Surya Subramanian
Hey y’all — my name is Surya! I’m interested in the intersection of machine learning and systems for efficient training and inference.
Previously, I was on NVIDIA’s cuBLAS team writing GEMM kernels for Blackwell GPUs. I worked on emulating higher-precision matmuls with low-precision tensor cores for faster throughput.
Before that, I was on the PyTorch team at Meta, where I worked on PyTorch Symmetric Memory. I worked on inter-node support via the NVSHMEM backend, and wrote fused distributed Triton kernels for tensor parallelism (e.g. GEMM + All Reduce, GEMM + Reduce Scatter, etc.). We open sourced some of our work in Kraken, a Triton library of symmetric memory kernels. Prior to that, I worked on ML infrastructure at Pinterest.
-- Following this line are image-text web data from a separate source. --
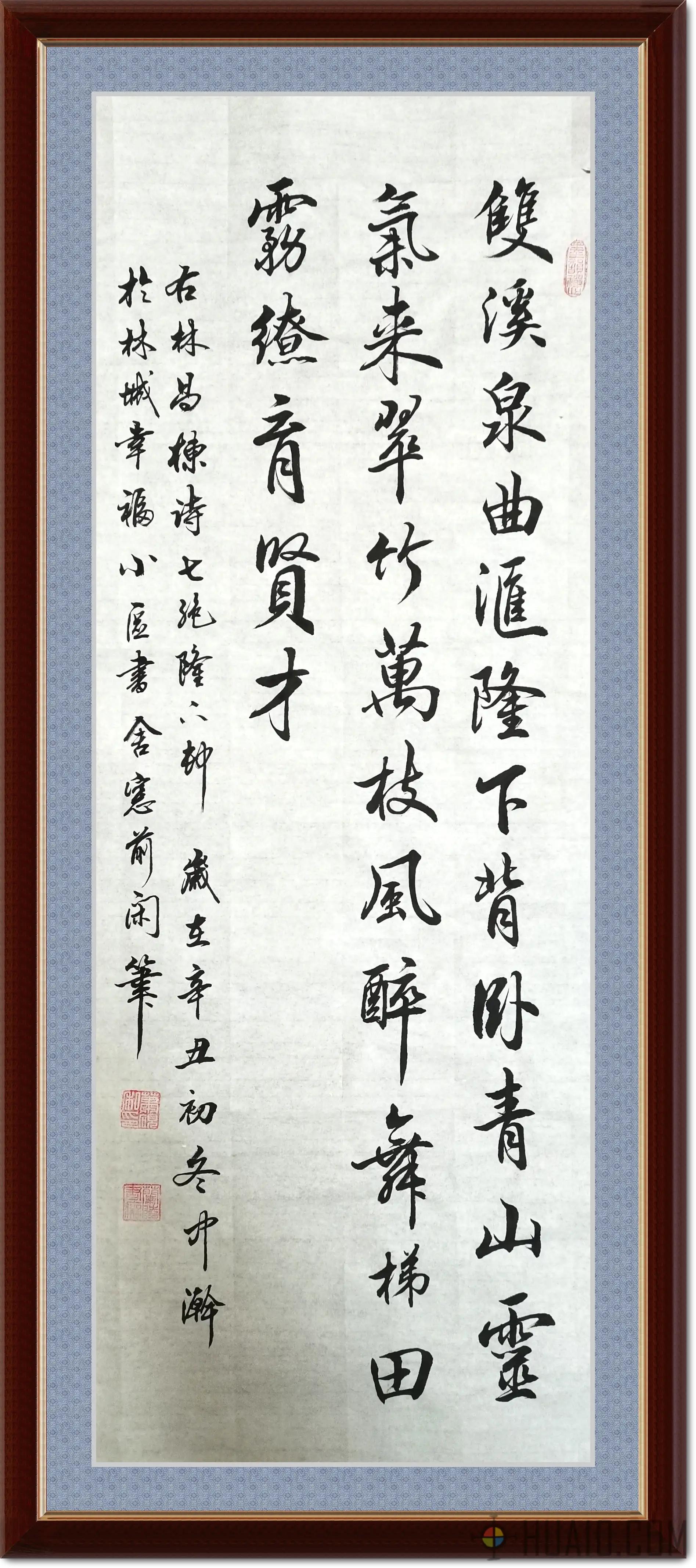 西子畔文学社0059期,惊涛拍岸腾云雾,飞瀑悬空响怒雷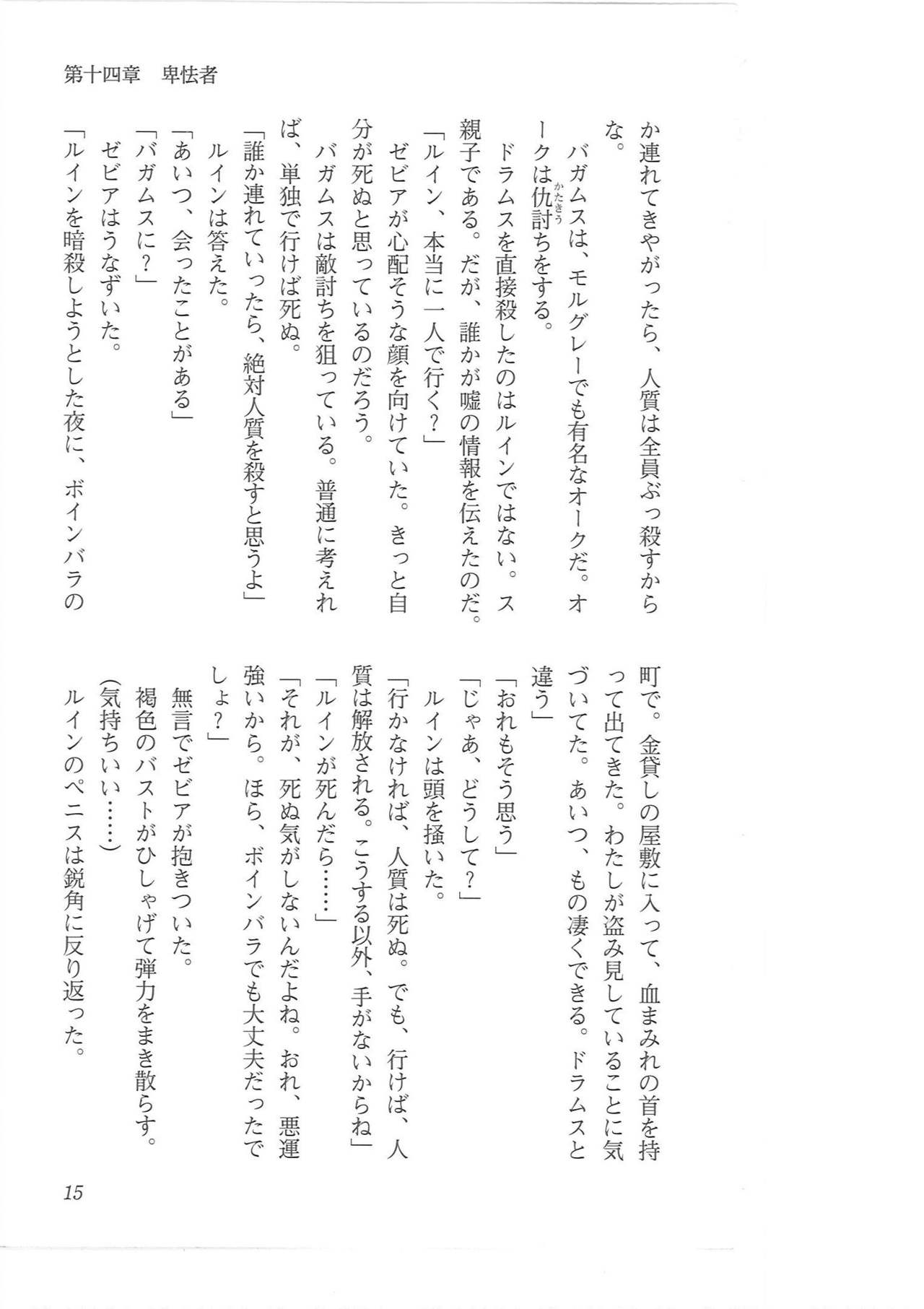 Kyonyuu Fantasy 2 Kinyuu Souran Hen page 7 full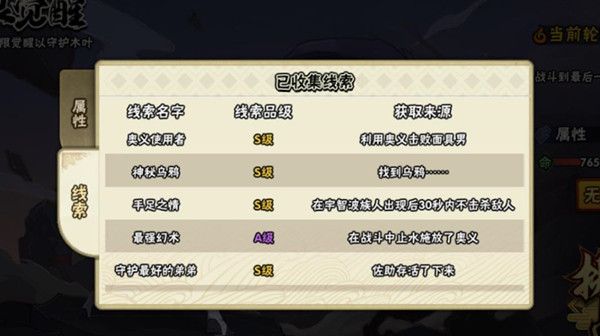 火影忍者手游无限觉醒线索是什么？无限觉醒线索达成条件全汇总[多图]图片9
I studied computer science at Georgia Tech. There, I did some research in efficient multimodal inference and KV cache compression at SAIL (our Systems for AI Lab) and earlier, worked on inference optimizations for MoE models via expert reduction.
Interests
I really enjoy the full ML acceleration stack, from large-scale distributed training to low-latency inference and kernel optimization.
Outside of systems, I love weightlifting and finding good coffee spots.